BEGIN Information supplied
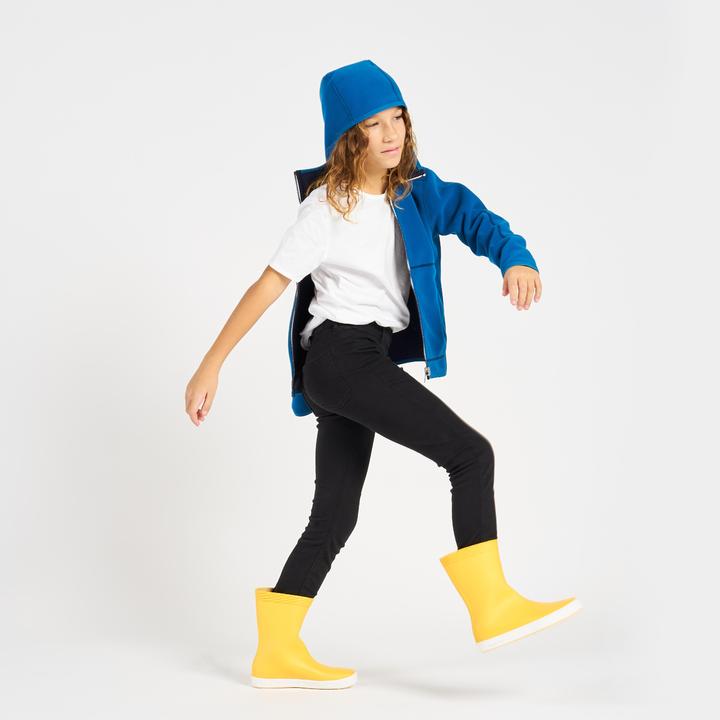 Actual product image Tribord Fleece jacket sailing kids warm reversible 500 navy blue/blue (140)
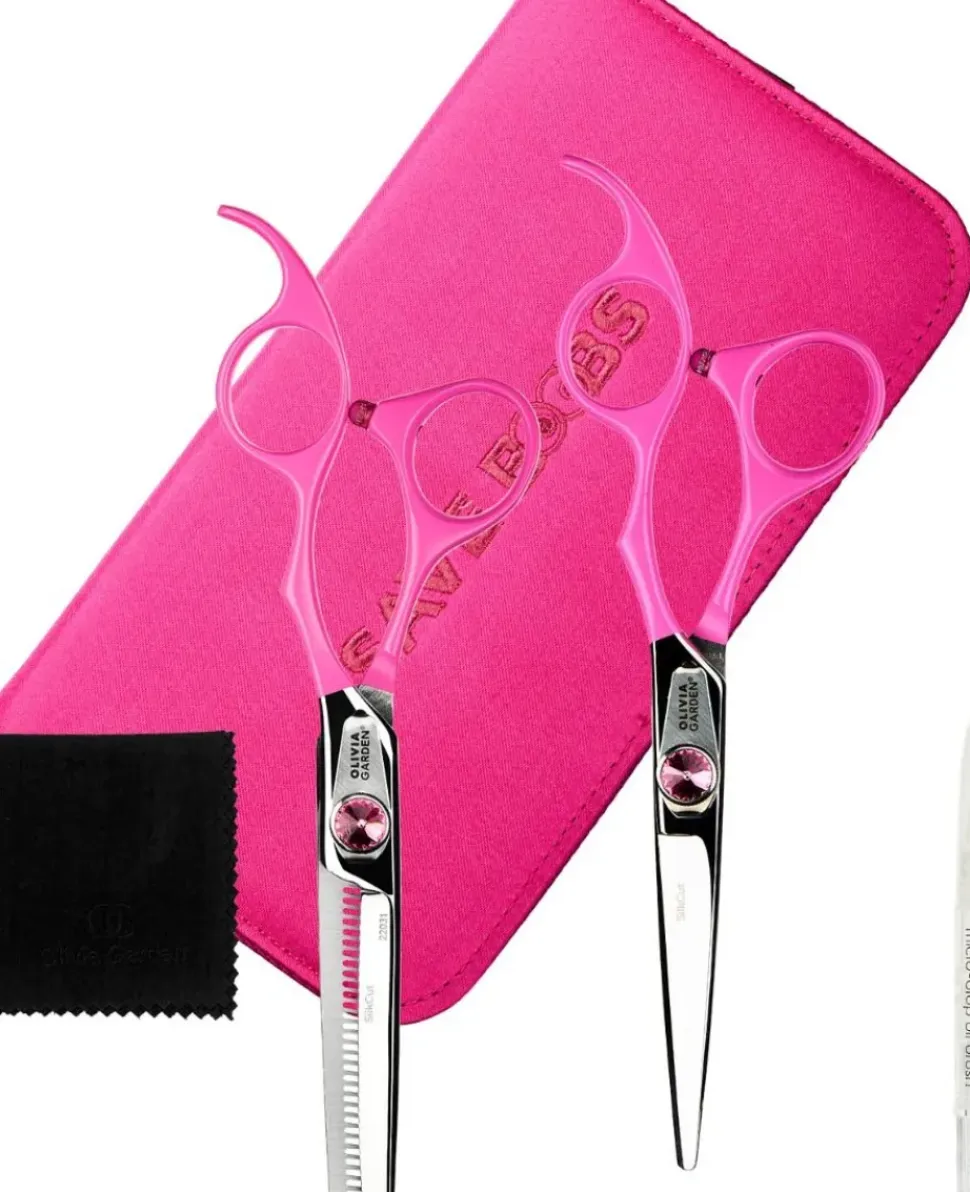 Olivia Garden Silk Cut Think Pink 2er Set 5.75" And 6" Thinner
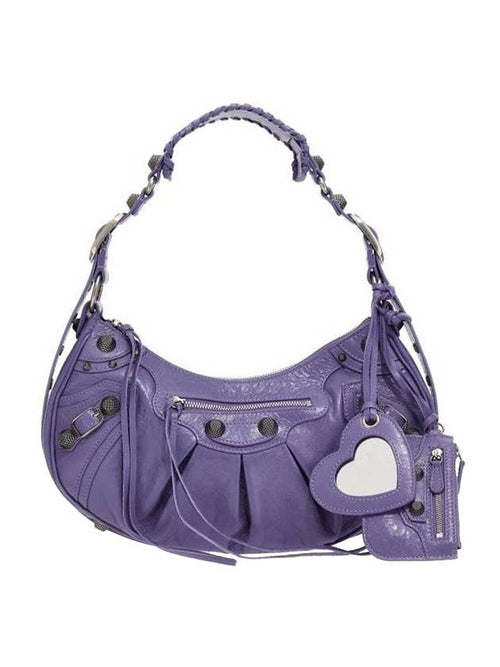 Balenciaga Le Cagole Small Leather Shoulder Bag Purple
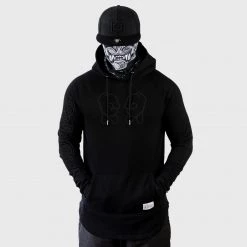 Ride Rich Premium Collection Rep Life On Two {Outline} Scoop Pullover Hoodie {Black On Black}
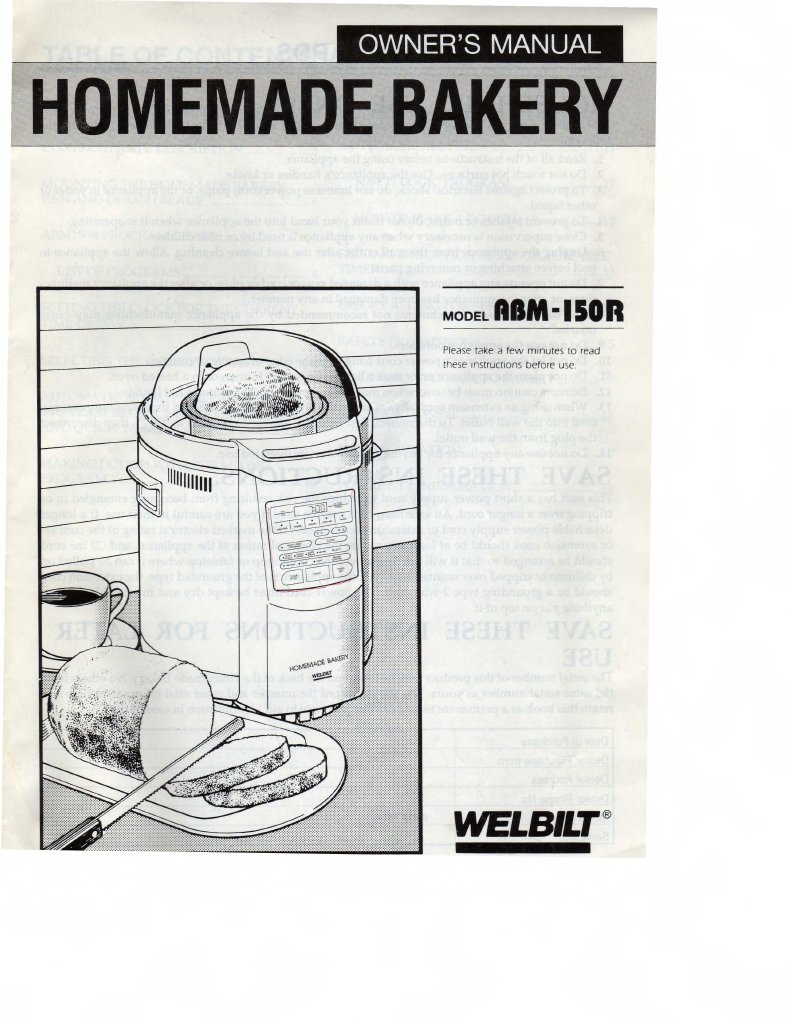 Welbilt ABM-150R Bread Machine | PDF | Language Arts & Discipline ...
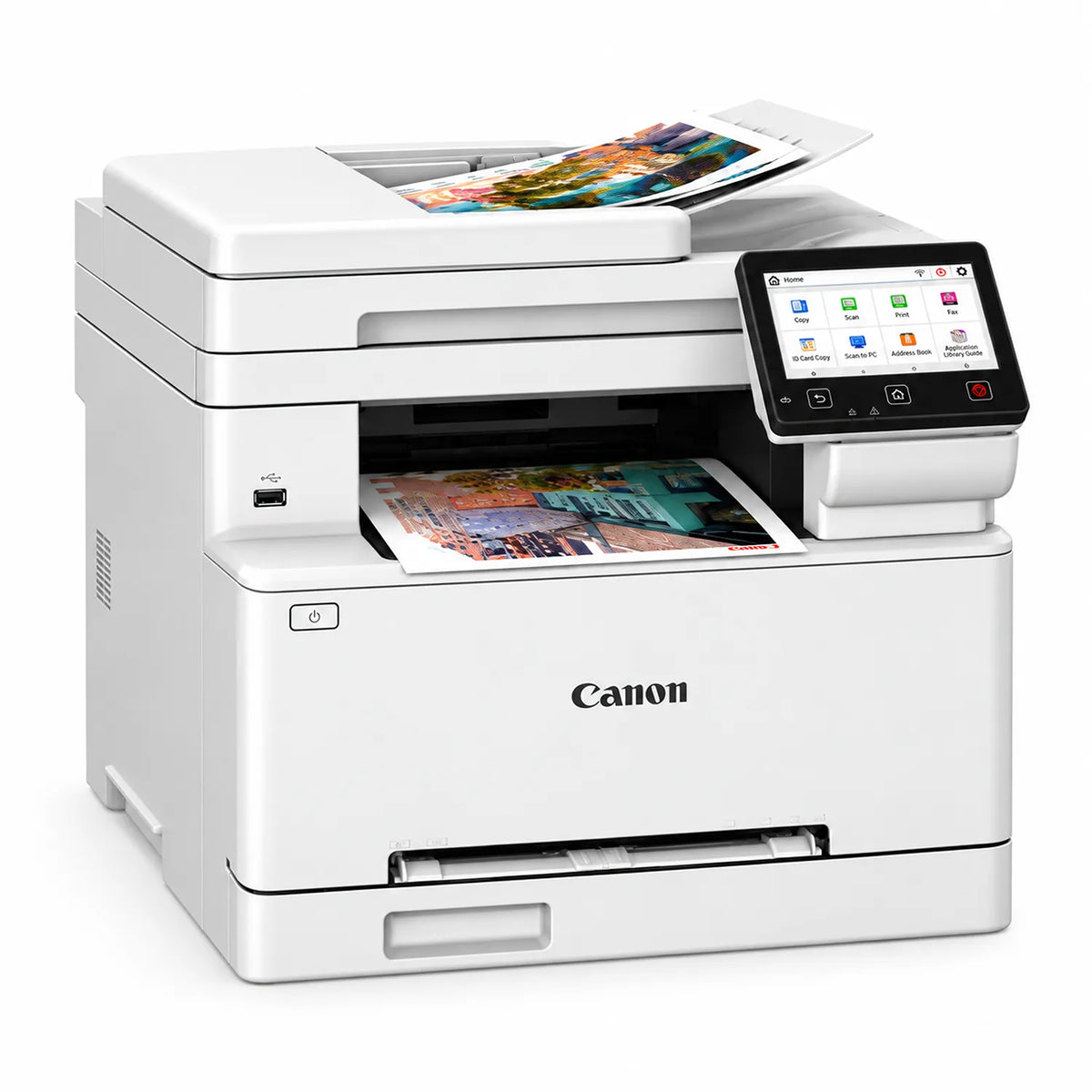 Canon imageCLASS MF664Cdw Colour Laser Multifunction Printer side angle view with ADF tray open and color print output -tpstech.in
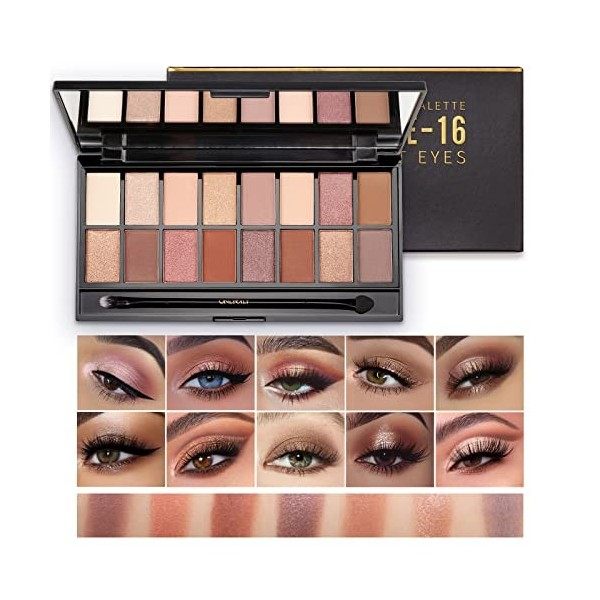 Maquillage de palette de fard à paupières, palette de fards à paupières de 16 couleurs nues mates scintillantes, palette de i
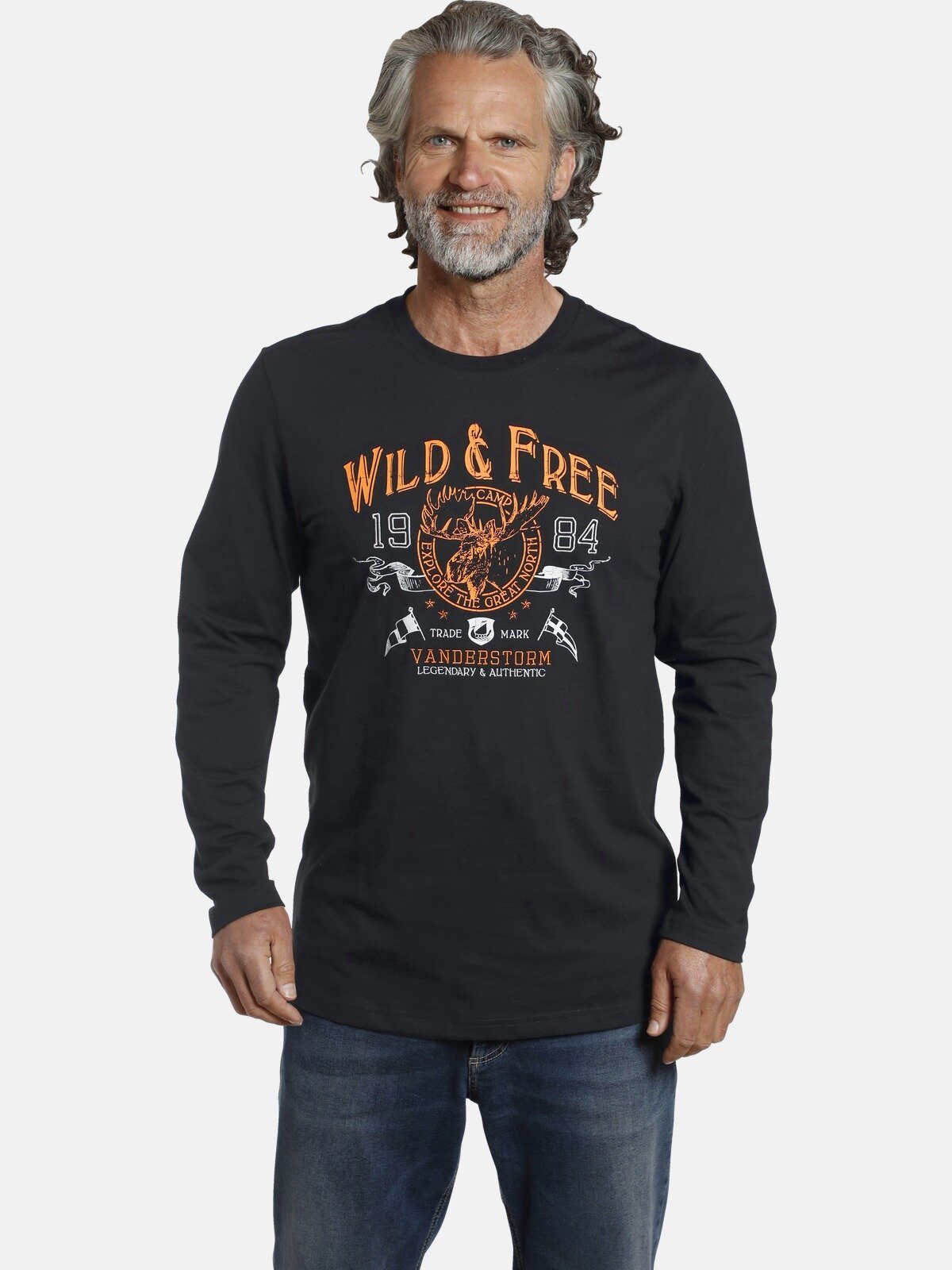 Jan Vanderstorm Langarmshirt STAAF in leichter günstig online kaufen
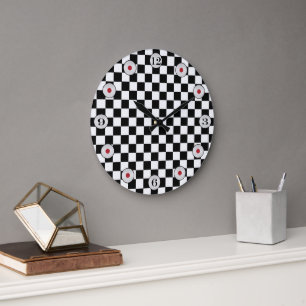 Black and White Classic Chequerboard by STaylor Large Clock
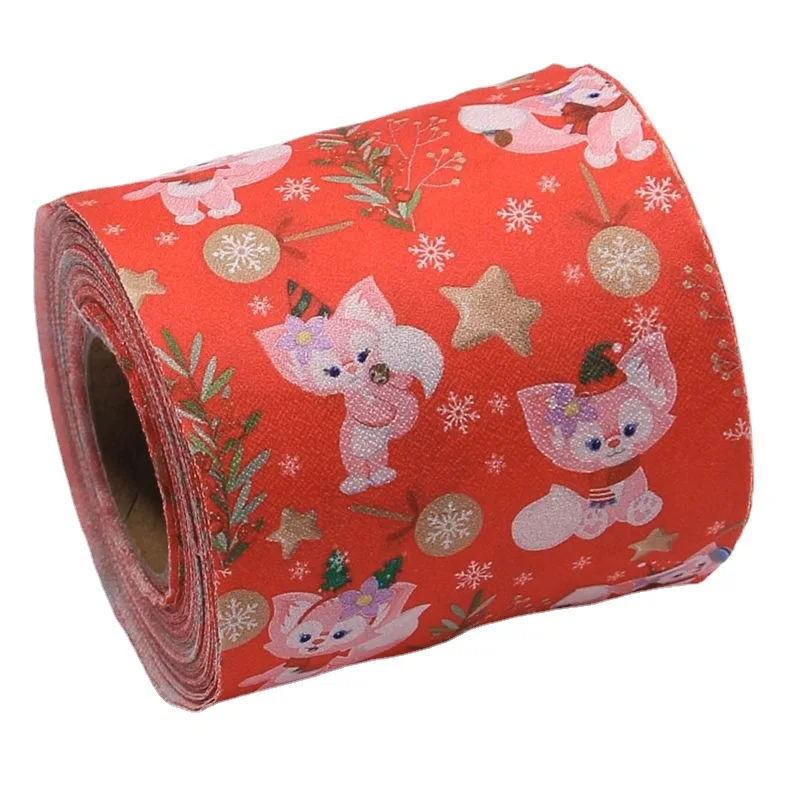 

One-sided Bear Little Red Riding Hood Little Fox Printing 9CM Cloth Strip DIY Bow Hair Accessories Material Accessories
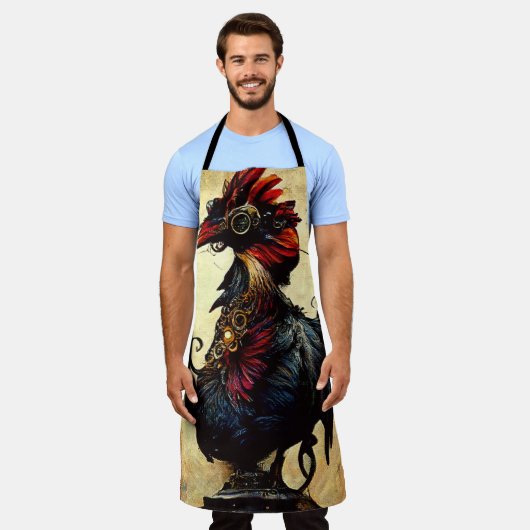 Rooster All-Over Print Apron Schort (Gedragen)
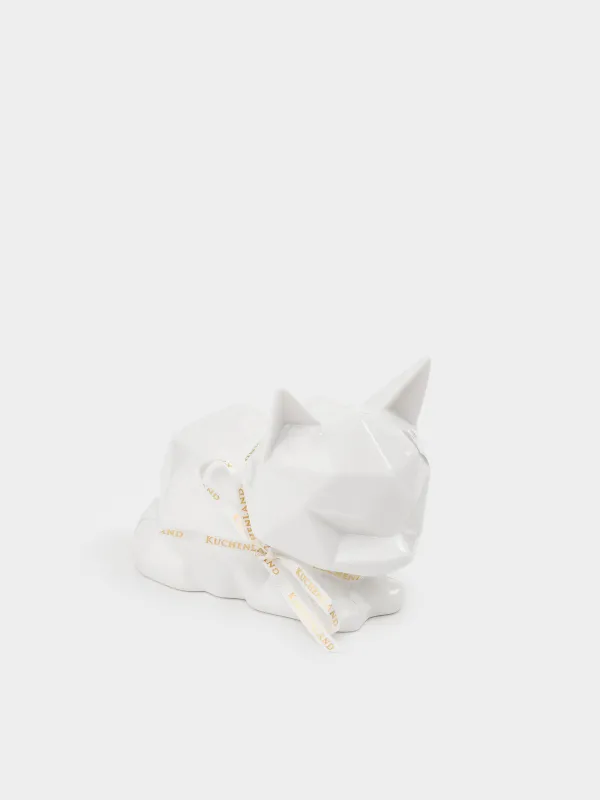 Светильник декоративный, 13х9 см, фарфор P, белый, Кот, Art modern, image-1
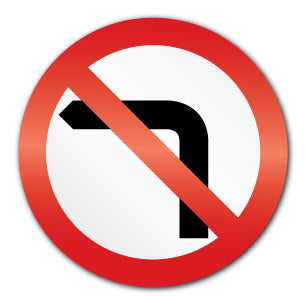 No left turn 600mmx600mm (Self Adhesive) - Direct Signs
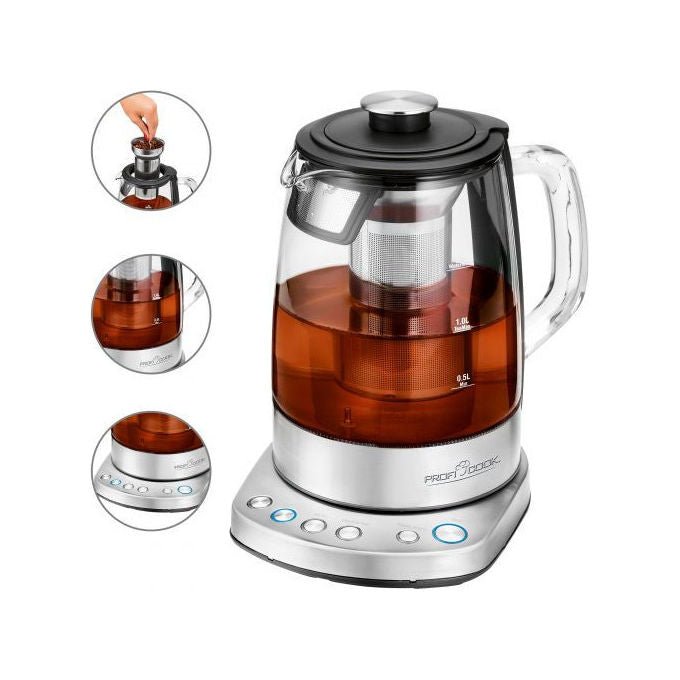 ProfiCook 501167 PC-WKS 1167G Bollitore elettrico in vetro 1,5 L 2200 W colore Bacca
END Information supplied
> Work item: Each line from the first line of the entries through the line containing "No left turn" should be duplicated word for word, and nothing more; the pictures stay out.

> Response box:
 Actual product image Tribord Fleece jacket sailing kids warm reversible 500 navy blue/blue (140)
 Olivia Garden Silk Cut Think Pink 2er Set 5.75" And 6" Thinner
 Balenciaga Le Cagole Small Leather Shoulder Bag Purple
 Ride Rich Premium Collection Rep Life On Two {Outline} Scoop Pullover Hoodie {Black On Black}
 Welbilt ABM-150R Bread Machine | PDF | Language Arts & Discipline ...
 Canon imageCLASS MF664Cdw Colour Laser Multifunction Printer side angle view with ADF tray open and color print output -tpstech.in
 Maquillage de palette de fard à paupières, palette de fards à paupières de 16 couleurs nues mates scintillantes, palette de i
 Jan Vanderstorm Langarmshirt STAAF in leichter günstig online kaufen
 Black and White Classic Chequerboard by STaylor Large Clock

One-sided Bear Little Red Riding Hood Little Fox Printing 9CM Cloth Strip DIY Bow Hair Accessories Material Accessories
 Rooster All-Over Print Apron Schort (Gedragen)
 Светильник декоративный, 13х9 см, фарфор P, белый, Кот, Art modern, image-1
 No left turn 600mmx600mm (Self Adhesive) - Direct Signs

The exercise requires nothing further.